Dear Mr President,
Since I came to your office to tender my resignation in 2001, you and I have not had any occasion to interact or communicate. I hope, however, you will still recall one of the observations I made about your legacy. I will not repeat it here because for me that remains a privileged conversation. I will, however, observe that I think you still have an opportunity to help create a foundation Zimbabweans can use to build a cohesive and successful nation.
What compels me to write this open letter is the current state of affairs in Zimbabwe that has led to among other things, phenomena such as that of Pastor Evan Mawarire. Before I delve into expressing my thoughts on this issue, I want to quote something President Nyusi said on the occasion of his inauguration, an inauguration I know you Mr President attended.
When I read President Nyusi’s speech I felt a lot of hope for Africa. I proceeded to ask for his permission for my organization to post that speech on our website. By way of introducing his speech on our website I made the following observation.
“The way he (President Nyusi) frames his speech, in many respects speaks to, and challenges the way many Africans have experienced the nation state. African Heads of State have, by and large, institutionalized states with at least two classes of citizens, the first class being those citizens who also happen to be members of the ruling party and the rest who chose other associations different from the ruling party having a defacto status of second-class citizens! If President Nyusi achieves what he has articulated, his approach would be a major departure from the two classes of citizenship experienced by most Africans to date.”
Mr President, I watched your reaction to Pastor Mawarire’s #ThisFlag citizens’ movement and was intrigued. So I then took the time to listen to as much of what the pastor has said as I could lay my hands on and I was then really puzzled. Firstly, the pastor acknowledges your government. He has not said anything to imply he does not recognize your government, so he is not about regime change. Secondly he is appealing to his government, i.e. the government you lead, to heed the suffering of the population and do something about it. Thirdly, he clearly states that he is against citizens taking the law into their own hands and getting violent and destroying property.
I just learnt that Zanu youths demonstrated against Pastor Evan Mawarire and in support of The President and the Government. I further learnt that the police did not beat anyone during the Zanu youth demonstration. In contrast, a lot of the citizens who came out to support Pastor Mawarire were beaten by the police and Mawarire himself was arrested.

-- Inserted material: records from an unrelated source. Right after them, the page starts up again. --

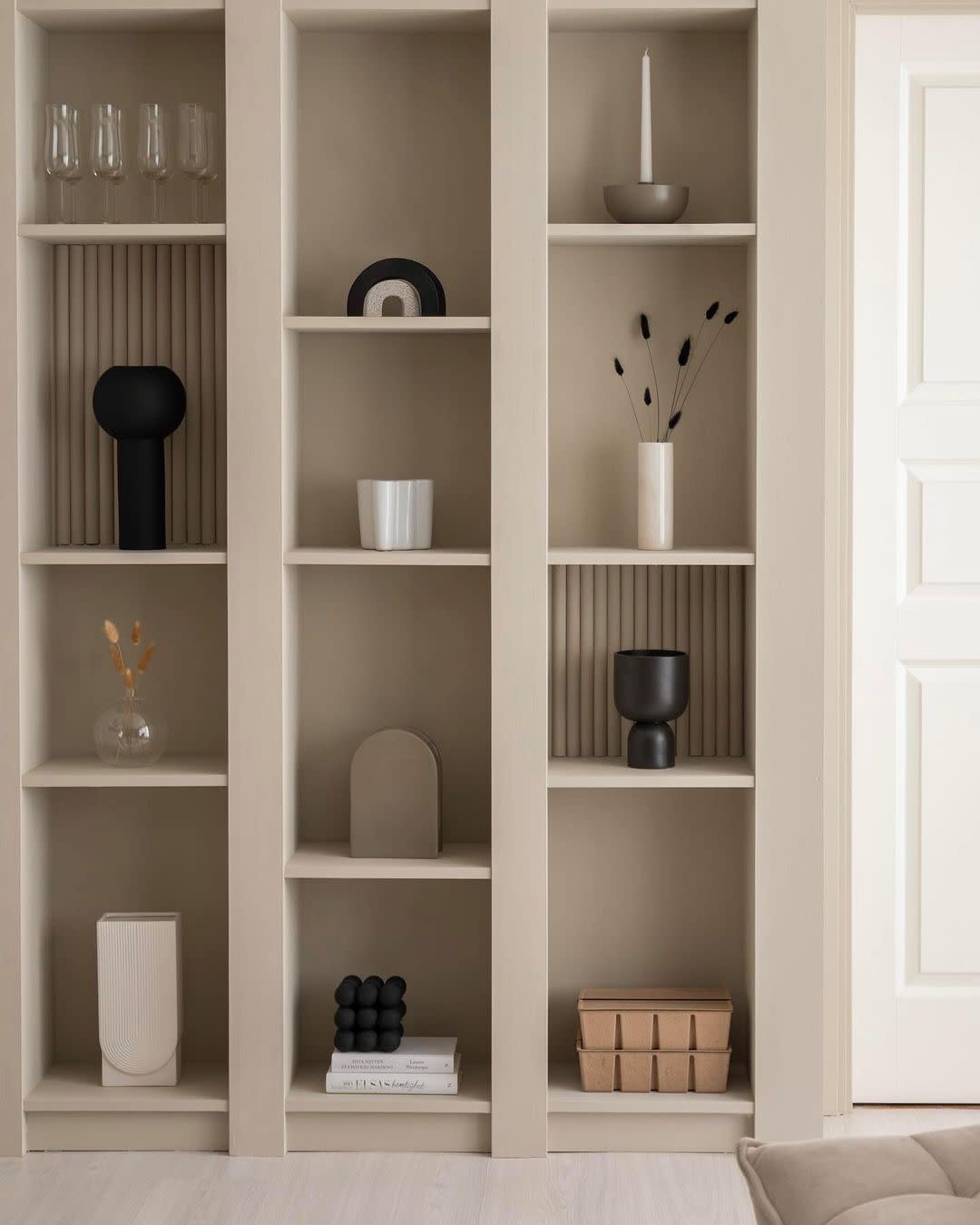 a white shelving unit with white shelves and white vases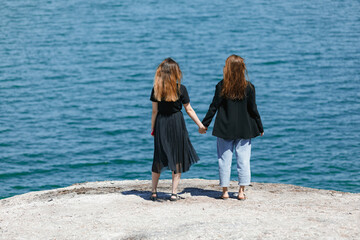 girls on vacation, hold each other's hands and admire the blue sea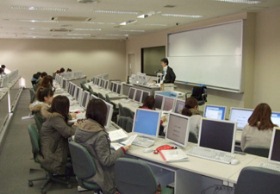 先生がホワイトボードの前に立ち、パソコンの前に座る生徒たちに授業をしている様子
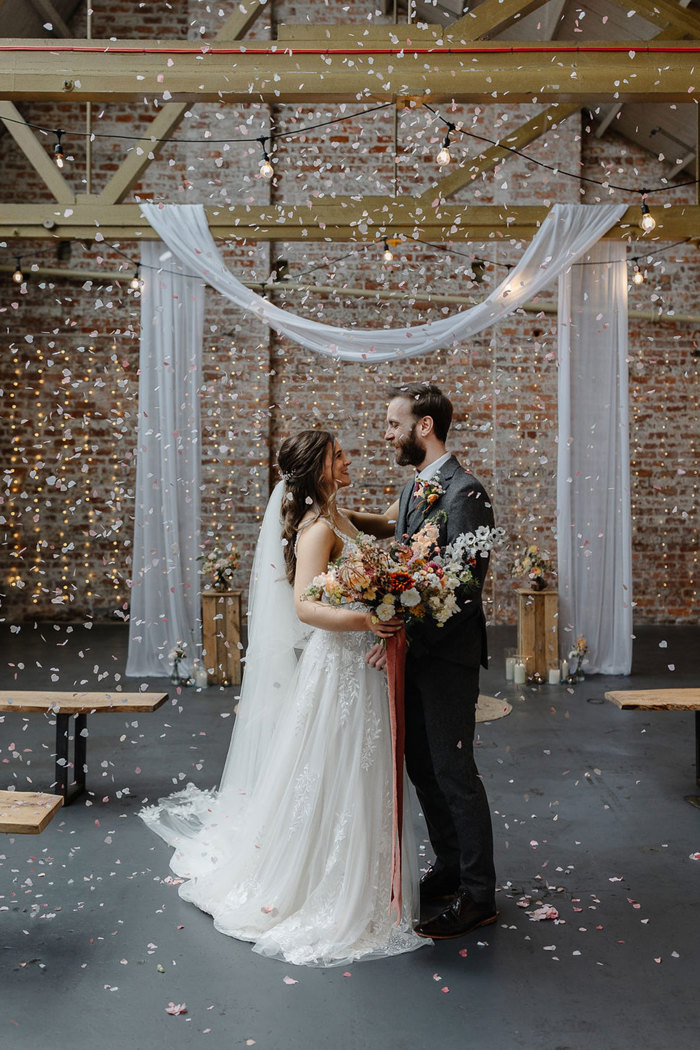 coloured confetti falls around bride and groom stood in a close dance position, both holding onto wildflower bridal bouquet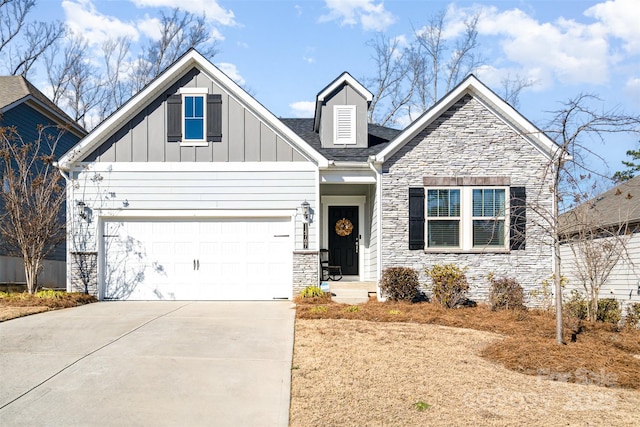 view of front facade featuring board and batten siding, stone siding, driveway, and a garage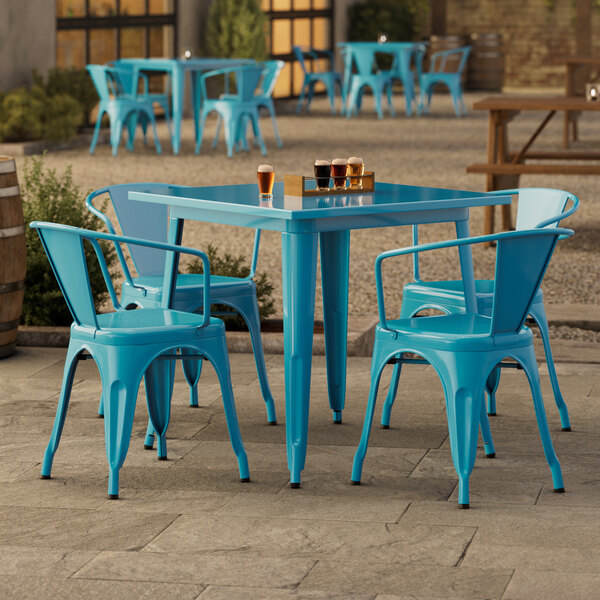 A turquoise Lancaster Table & Seating table with four chairs on a patio.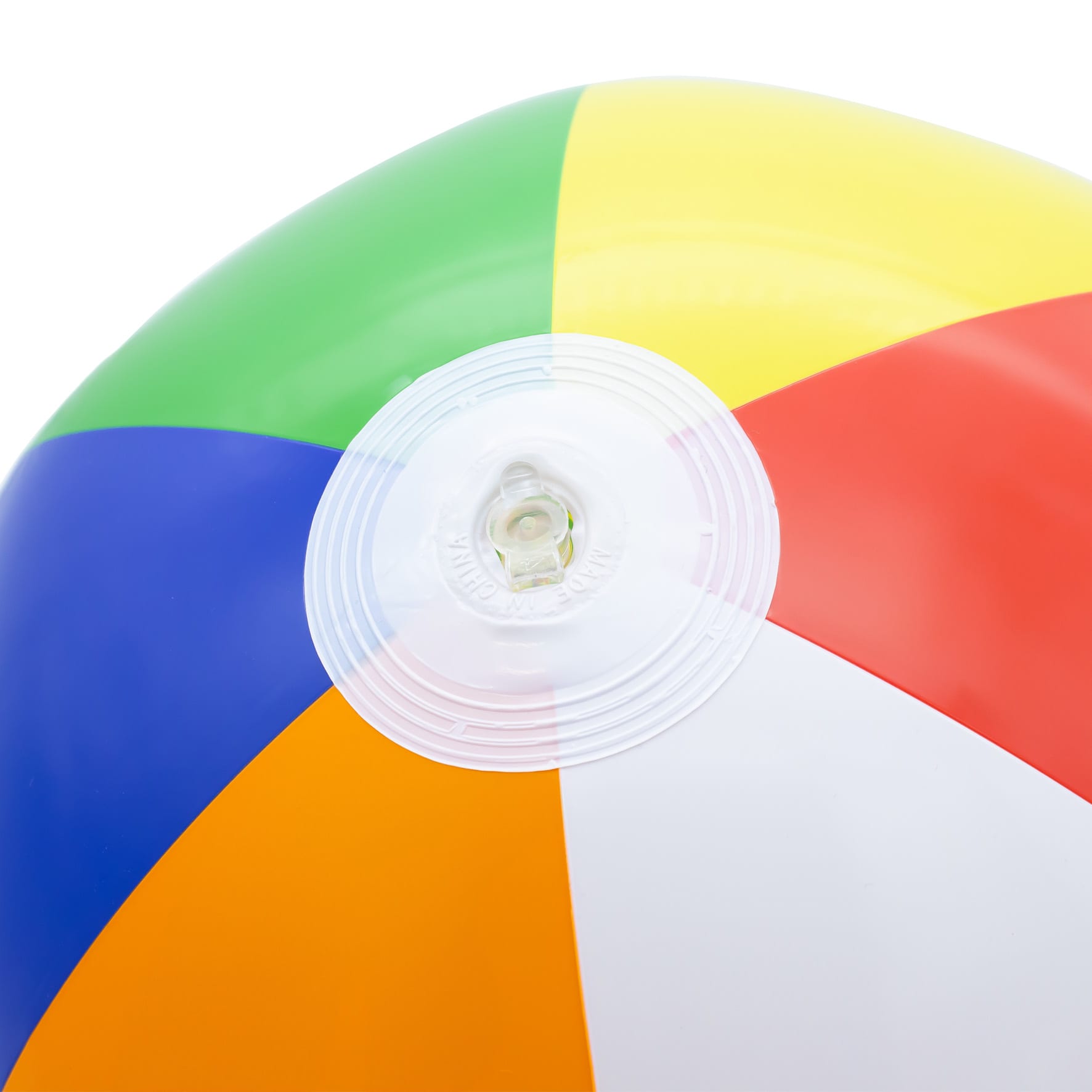 A colourful beach ball with red, yellow, green, blue, and orange segments, featuring a valve for inflation.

Leaving aside that I am not sure what demonstrating against Pastor Mawarire means given no one can dispute the fact that the Zimbabwean economy is in meltdown, I would observe that the contrast between how Pastor Mawarire and the Zanu youth demonstrators have been treated is a very clear illustration of my observation about two classes of citizenship. In itself, it is good that Zanu youth can demonstrate when they have a cause to demonstrate about. What is clearly wrong and I dare say quite dangerous for the country’s well being is that the rights accorded Zanu youths are not accorded other Zimbabwean citizens.
Moving beyond the Zanu youth issue, I would like to pose a simple question. How can it be that when Zimbabwean citizens have cause to disagree with their government they are labeled as “not part of us” at a national level? I understand that they are not part of Zanu, but I cannot understand that their different views merit their not being considered to have a right to live in Zimbabwe and enjoy the rights of other citizens, as is their constitutional right. Who are ‘us’? Members of Zanu or Zimbabweans at large? Does it mean citizenship can be withdrawn on the basis of holding different views from the governing party? Is this not a very slippery slope indeed? Where are we headed if we go down this kind of thinking and practice? Is this not the kind of thinking that has led to genocide in other societies?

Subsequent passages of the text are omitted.